[Records shown Boundary: Start]

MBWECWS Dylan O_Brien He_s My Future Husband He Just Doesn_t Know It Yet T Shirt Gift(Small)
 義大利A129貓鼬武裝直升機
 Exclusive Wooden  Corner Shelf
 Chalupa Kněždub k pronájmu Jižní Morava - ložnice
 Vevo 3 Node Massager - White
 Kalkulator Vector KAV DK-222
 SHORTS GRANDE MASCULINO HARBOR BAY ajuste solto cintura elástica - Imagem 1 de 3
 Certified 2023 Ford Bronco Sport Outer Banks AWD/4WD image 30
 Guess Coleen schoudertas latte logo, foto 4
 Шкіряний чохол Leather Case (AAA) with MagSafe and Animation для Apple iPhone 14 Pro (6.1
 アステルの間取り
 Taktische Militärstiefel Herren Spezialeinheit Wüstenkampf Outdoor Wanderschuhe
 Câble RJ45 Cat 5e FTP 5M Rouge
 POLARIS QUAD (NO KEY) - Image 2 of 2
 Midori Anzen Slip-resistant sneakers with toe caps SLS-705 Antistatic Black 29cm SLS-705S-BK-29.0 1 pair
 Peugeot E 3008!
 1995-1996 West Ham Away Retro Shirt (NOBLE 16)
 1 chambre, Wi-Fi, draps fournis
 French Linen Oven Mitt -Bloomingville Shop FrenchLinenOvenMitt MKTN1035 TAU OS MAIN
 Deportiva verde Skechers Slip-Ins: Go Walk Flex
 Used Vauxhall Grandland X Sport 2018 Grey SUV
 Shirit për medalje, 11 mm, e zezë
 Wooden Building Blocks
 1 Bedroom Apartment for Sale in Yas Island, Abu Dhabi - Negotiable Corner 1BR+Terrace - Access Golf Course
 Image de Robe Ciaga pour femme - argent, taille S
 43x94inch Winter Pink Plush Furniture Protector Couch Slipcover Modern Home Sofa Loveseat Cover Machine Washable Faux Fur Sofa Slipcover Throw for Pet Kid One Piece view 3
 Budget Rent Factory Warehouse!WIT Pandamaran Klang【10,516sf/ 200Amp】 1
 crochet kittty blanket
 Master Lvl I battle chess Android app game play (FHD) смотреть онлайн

[Records shown Boundary: End]

> [Task details]:
What is needed is a copy of every line above in which "Shirt" appears.

> [Result below]:
MBWECWS Dylan O_Brien He_s My Future Husband He Just Doesn_t Know It Yet T Shirt Gift(Small)
 1995-1996 West Ham Away Retro Shirt (NOBLE 16)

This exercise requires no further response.